Eso sí, sigue percibiendo un cierto apego a la tarea intelectual y se propone purificar esa tendencia. Pasando el tiempo se reirá del afán de hacer del estudio un fin. Un día comenta esta anécdota: Menéndez Pidal, ya mayor, había dicho que era una pena tener que morir cuando quedaban tantos libros por leer. «¡Qué tontería! –dice Rivera. Estamos hechos para sumergirnos en la realidad y esto lo conseguimos infinitamente mejor a través de la muerte que a través de los libros».

Obviamente esto no significa menosprecio de la tarea intelectual. Basta con conocer el proyecto que se había planteado a comienzos de este año para darnos cuenta de su pasión por el estudio. Permítasenos una larga cita.

«Voy a indicar las sendas necesarias de mis quehaceres durante el 1969.

Y en primer lugar, en cuanto a materia, se impone, como estrictamente inexcusable, la terminación de asuntos ya emprendidos. Lo que lleva consigo un repaso a mis escritos anteriores. Muchas cuestiones meditadas no han frutado suficientemente por falta de remate. Debo releer los cuadernos anotando los temas no liquidados. Ciertamente hay problemas que son propiamente inacabables, sobre los cuales se ha de volver una y otra vez; pero en todo caso habrá que proseguir el camino ya hollado. Y aun dentro de los estudios acometidos, hay que exprimir lo más posible los libros leídos, las notas tomadas, y que a veces permanecen intactas, acaso ya apenas inteligibles por manuscritas, poco menos que estériles por defecto de meditación atenta y rigurosa.

Entre estos temas y estos libros podría, sólo con la memoria, señalar: Cristo Esposo, el sentido de la satisfacción de Cristo, y más anchamente, el sentido total del sacrificio de Jesús; el misterio de la Trinidad: Cristo como Verbo del Padre. (Los dos libros de Olegario). Caracteres de la mentalidad moderna: libros de López Quintás y de Mañero; obras de López-Ibor; algunos escritos sobre el teatro moderno ya acotados. Examen del pensamiento en la poesía lírica de Eliot. Lo que me resta de la poesía de Unamuno. Los clásicos latinos: continuar a partir de Virgilio, aun dejando incompleto el estudio de Cicerón. Teatro de Calderón, incluyendo, desde luego, un amplio repertorio de obras modernas sobre el asunto. La libertad humana. El sentido de lo jurídico: relación con lo moral, lo psicológico y lo ontológico… Pensamiento de Rilke: esperan análisis todavía las poesías. Lectura del segundo volumen de «La decadencia de Occidente». Lingüística, con el tema del signo…
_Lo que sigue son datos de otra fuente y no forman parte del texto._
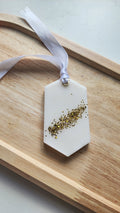 Golden Oud | Wardrobe refreshener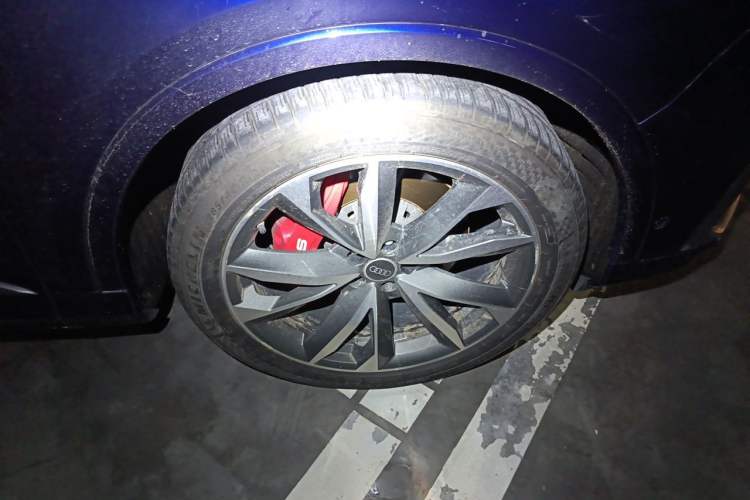 Used Audi Q7 2021 55 TFSI quattro S line Sport model Right Front Wheel Hub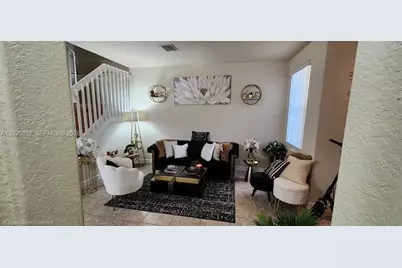 8652 NW 112th Ct, Doral, FL 33178 - Photo 3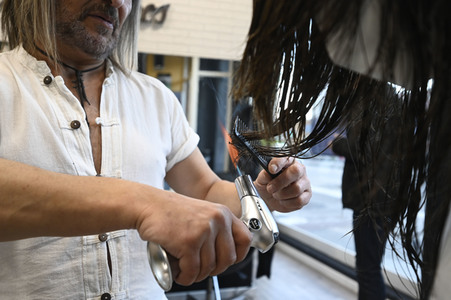 Hairdresser Alberto Olmedo in Madrid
Repaso de mis lecturas francesas, inglesas, italianas, griegas (Nuevo Testamento), hebreas. Asegurar los conocimientos de estos idiomas, hasta lograr leerlo todo al menos como el francés, y éste conseguir que no haya diferencia alguna, en cualquier clase de tema, con la lectura en castellano…

Todo ello me obliga a la pregonada, y no demasiado practicada, abstinencia mental respecto de nuevas materias. Que no me deje llevar, por Dios, de la tentación de estudiar árabe, chino, caldeo, o los lenguajes polinésicos. Tentación que no faltará durante el año…»1 (CEst. 1-I-1969).

A comienzos de año, el 22 de enero de 1970, es nombrado consiliario diocesano de maestros de Acción Católica, cargo en el que constata sus profundas divergencias con la orientación adoptada por este movimiento. La Providencia le poda uno de sus amores, arraigado en él desde niño.

En el mes de abril acaece la muerte de su madre. Puede asistirla en sus últimos momentos y queda profundamente sereno al verla morir cristianamente. Más adelante comentará que le duele más un pecado venial que esta muerte, acceso a la gloria. Durante la noche quiere quedarse velando el cadáver, pero el sueño le vence y duerme varias horas. Mientras tanto las religiosas lo han acompañado y él agradece el gesto.

En mayo, un nuevo desprendimiento: quien ha venido siendo su director espiritual, Don Anastasio Granados, obispo auxiliar, es nombrado ahora residencial de la diócesis de Palencia. Dios sigue cortando amarras, y él crece en libertad:

«Ya estoy desarraigado. Y en medio de la gente,
Que en necio torbellino se angustia y se fatiga
En el gesto excesivo o en la mínima intriga
Yo camino ligero, ya casi todo ausente.
Y cuando cese un día, definitivamente,
El mandato divino que a la tierra me liga,
No arrullará mi muerte ninguna voz amiga,
No cerrarán mis ojos, no besarán mi frente.
Solitario camino, ágil, libre, jocundo,
Abiertos a mis ojos senderos de otro mundo,
Cubriendo mi vereda del Señor al Señor.
Y cuando solitario mi hombre carnal sucumba
Acaso ni siquiera me den los hombres tumba,
Mas gozará mi espíritu la Verdad del Amor»
(Poemas del desarraigo, 1969-1973).

Y para ahondar más el desarraigo, se hace cada vez más patente la diferencia de criterios con su obispo y los inmediatos colaboradores de éste.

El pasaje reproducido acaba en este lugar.